Take the Justice Department. A good deal of prosecution by any government is discretionary. You only have so many investigators, only so many prosecutors, and more potential crimes than you can handle. You prioritize what to pursue, and drop what you don’t want to. This is how something like 90% to 95% of the 2020 Floyd protest charges were dropped or never pursued in various jurisdictions.

But at the same time, non-prosecution is a choice, not a natural state of a just world. And it is a choice that can be made otherwise if someone wants to. Or if the people who wouldn’t want to depart and are replaced.

For example, the DOJ Civil Rights Division had a reputation for seeking certain types of civil rights cases, and not being as interested in others, such as university admissions discrimination. I say ‘had’ because something like 70% of the DOJ Civil Rights Division has departed since Trump took office. Whatever reputation / expectation you have of the Civil Rights Division, it’s probably not quite what the new DOJ CRD priorities are.

The “Civil Division Enforcement Priorities” memorandum identifies five priorities: (1) combatting discriminatory practices and policies, (2) ending antisemitism, (3) protecting women and children, (4) ending “sanctuary” jurisdictions, and (5) prioritizing denaturalization of naturalized U.S. citizens.

But this is the new institutional direction of the CRD. It still has the legal authorities Congress gave to the ‘old’ CRD. But as the saying goes, “people are policy,” and the people in the CRD have changed. Other people’s expectations just haven’t caught up to, say, the DOJ opening a civil rights case against any state or local officials involved sanctuary city politics that also just-so-happen to overlaps with, say, anti-federal riots.

I raised the fireworks platoon guy earlier, but that is far from the only case that can be pursued. About a week into the protests, a crowd broke into an ICE detention facility, overpowered national guard soldiers, and tried to release the detainees before about 100 law enforcement officers responded. That’s various charges on its own. The FBI is reportedly considering a criminal conspiracy line of effort for any groups involved in organizing the violent protests. The IRS is reportedly reviewing into non-profit and other organizational funding as part of the money flow investigation. Parallel to those parallels, House Republicans are investigating a US billionaire with possible ties to the protests, and the Chinese Communist Party… and Code Pink,an anti-war/social-justice organization.

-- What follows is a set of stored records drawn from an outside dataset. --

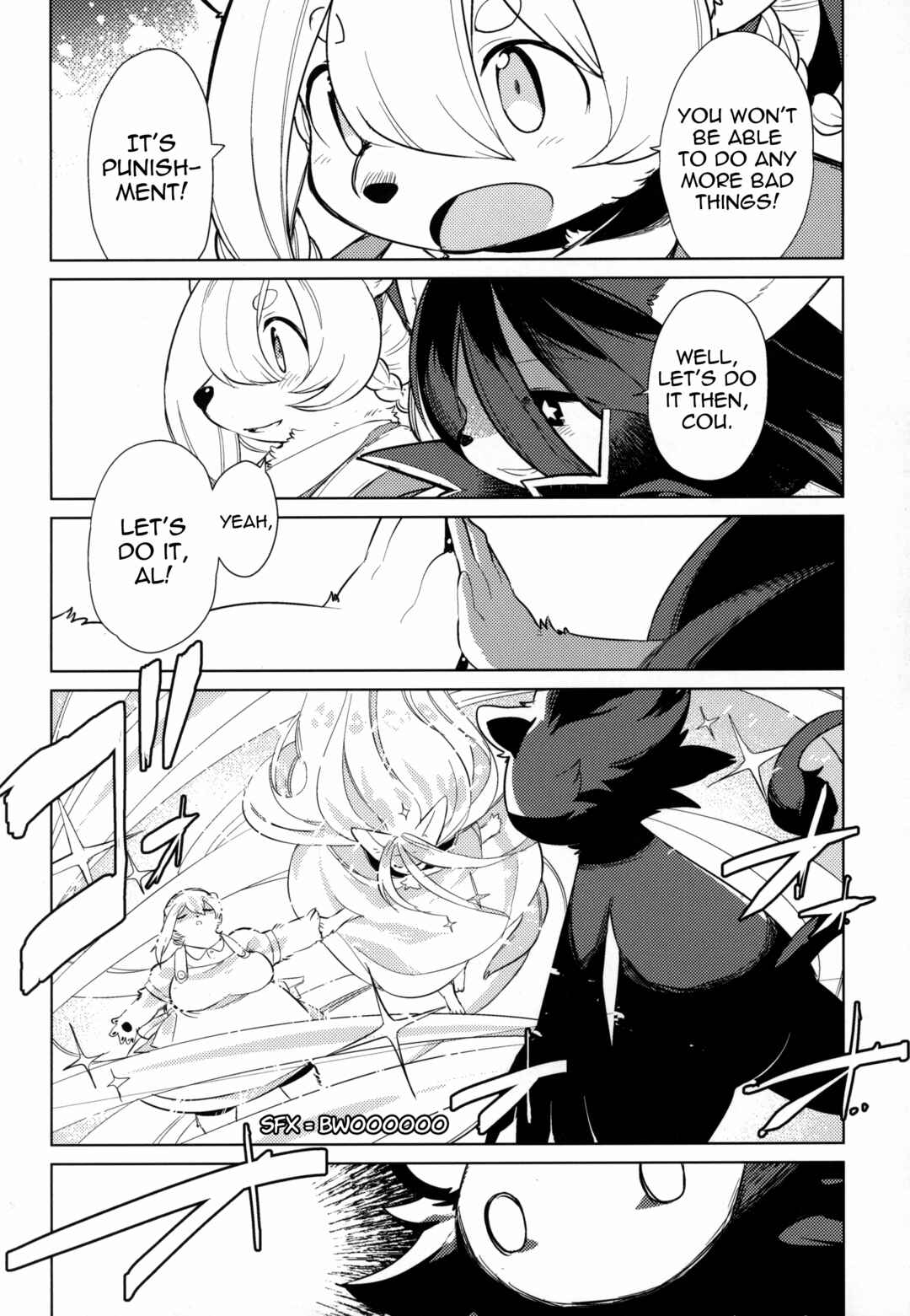 Shirokuma Mama Majo Shiroku☆Magica Chapter ? - Page 11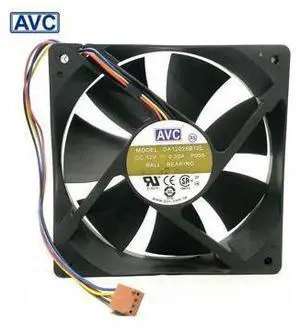 original AVC Original DA12025B12L P005 12V 0.3A 12cm 12025 pin PWM fan cooling fan original AVC Original DA12025B12L P005 12V 0.3A 12cm 12025 pin PWM fan cooling fan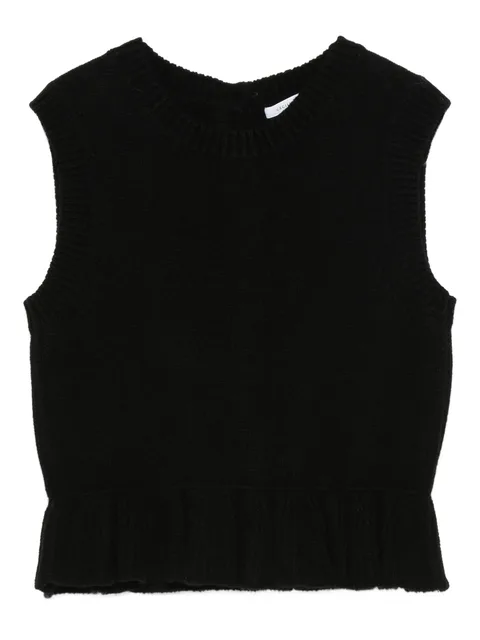 round-neck sweater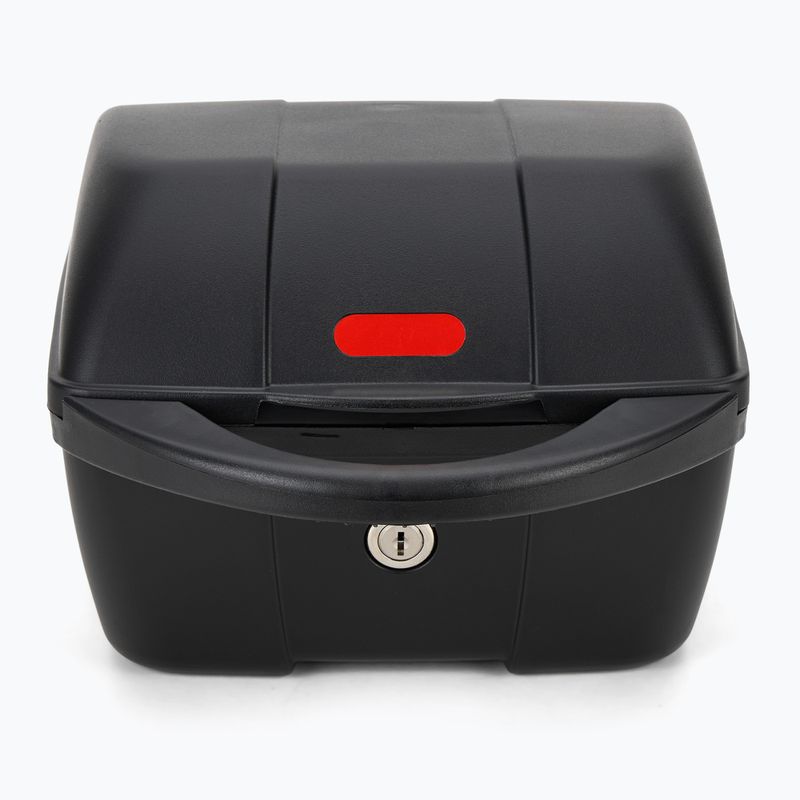 Кутия за багажник на велосипед Polisport Top Case QRS 12 l black 2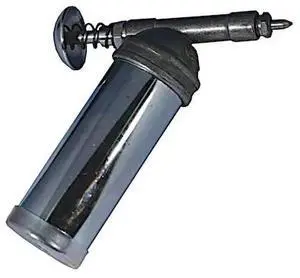 STENS 705-830 Grease Gun For High Pressure, Precision Pump, Refillable Steel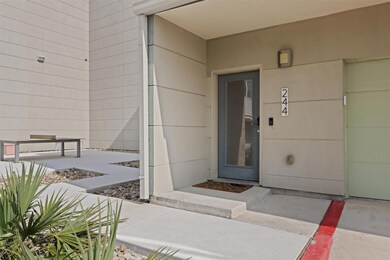 View of exterior entry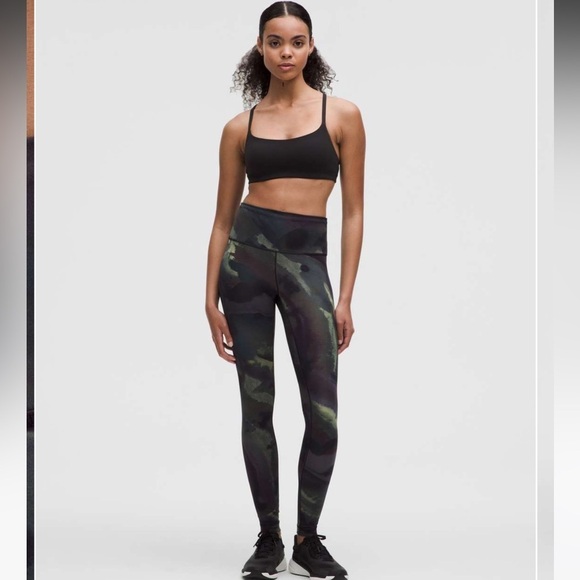 Lululemon Wunder Train High-Rise‎ Tight 28" Ink Islands Burnside Multi Si… - Picture 4 of 4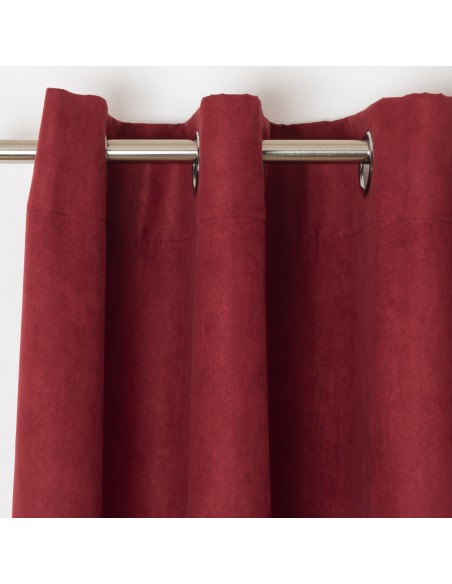 Cortina camurça Ante lisa Cortina camurça Ante lisa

And this doesn’t include other possible things that could be pursued. Doxing can be a crime… but what if its a municipal mayor who decides to dox ICE agents? When mostly peaceful protests are held outside of hotels suspected of hosting ICE agents, what if / when a not-entirely-peaceful protest occurs outside of a hotel that isn’t? When left-coded social media encourages eachother to follow and record ICE agents at work, what happens if someone ignores the ACLU’s carefully worded advice on dealing with law enforcement, particularly what the agents areallowed to do?

Would arrests and prosecutions be politically motivated? Sure, if you want. When any prosecution is discretionary, all high-profile investigations and prosecutions are arguably motivated. Similarly, a refusal to do so can also be motivated.

But that doesn’t mean there isn’t anything that could be found. It won’t even require ‘three felonies a day’ over-criminalization of anything.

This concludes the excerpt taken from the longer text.